Yenaled commented 1 year ago

It will take much shorter on the newest version of the kallisto binary (v0.50.0).

BenjaminDEMAILLE commented 1 year ago

It will take much shorter on the newest version of the kallisto binary (v0.50.0).

I ran 'kb compile all' and it's worked !!!

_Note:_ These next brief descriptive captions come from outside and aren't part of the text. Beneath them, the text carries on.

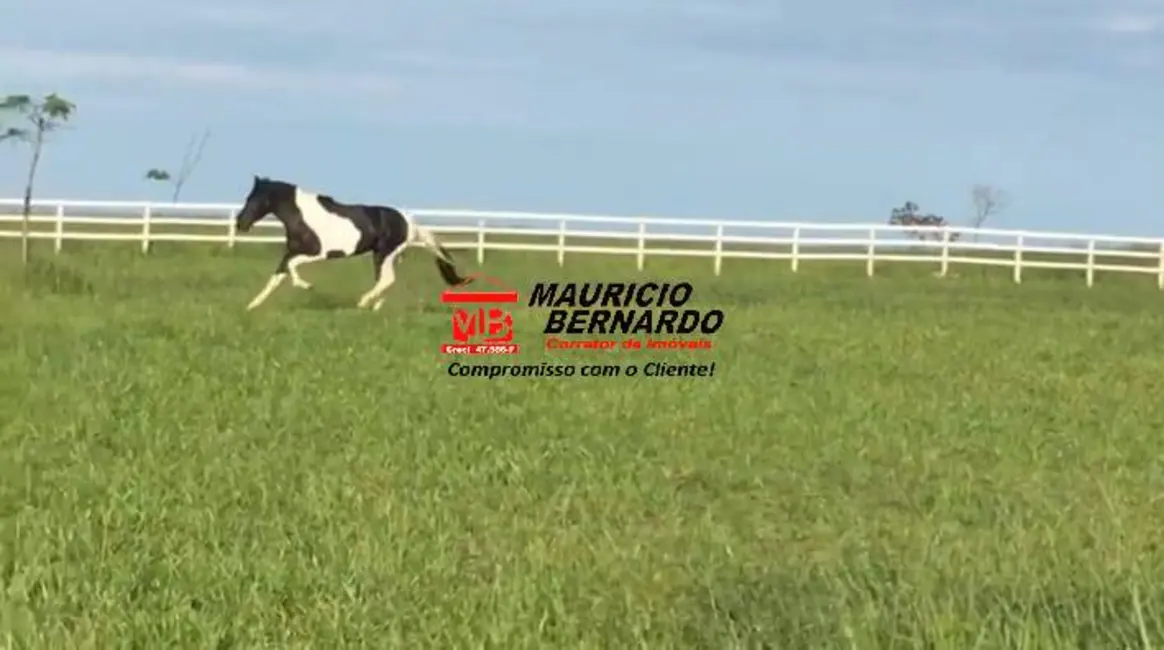 Foto 1 de Fazenda / Haras com 3 quartos à venda, 22m2 em Pedreira - SP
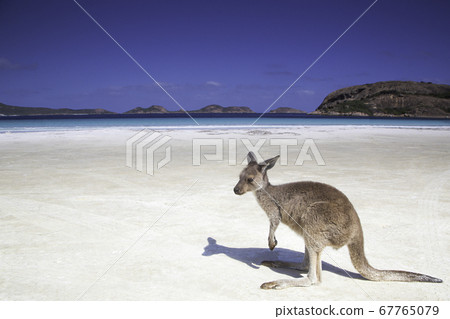 Kangaroo child Wallaby relaxing at Lucky Bay Beach in Esperance in Western Austria 67765079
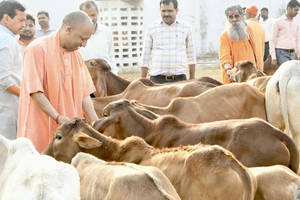 Protecting cows is our fundamental duty: Reactions pour in over CM Yogi’s remarks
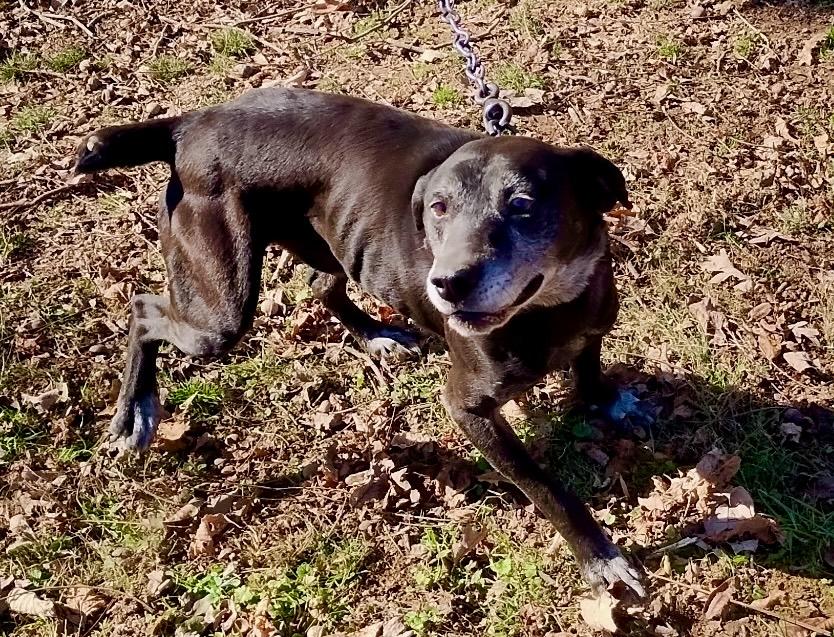 Enlarge Bandit, a Adopted mixed breed in Clinton, TN image 3/4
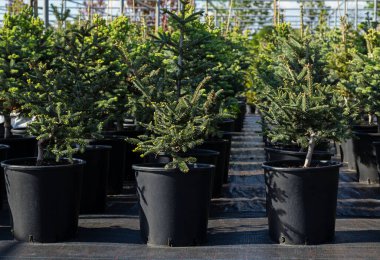 Genç kozalaklı ağaçlar, bir süs bitkisi fidanlığında ya da bahçe merkezinde saksılarda sıralanır..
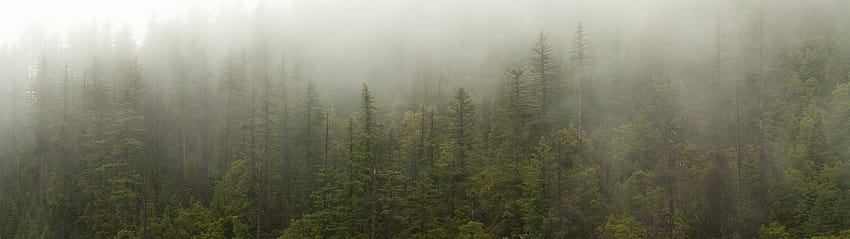 Some Foggy Forest OC für zwei schirme, 5120 x 1440 HD-Hintergrundbild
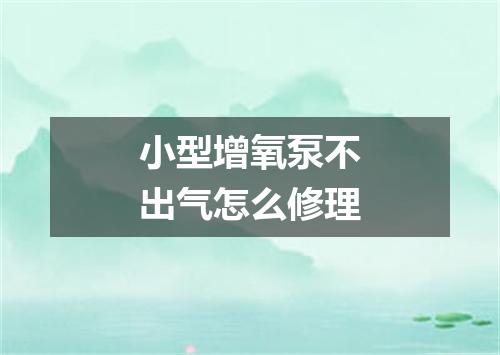小型增氧泵不出气怎么修理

just by curiosity : what's the difference between 0.48.0 and 0.50.0 because my index goes from 30Go to 6Go with the same files and command

Yenaled commented 12 months ago

The entire engine was rewritten in 0.50.0 -- a huge amount of changes under the hood; so you'll likely observe major changes with performance, with identical (or near-identical) output.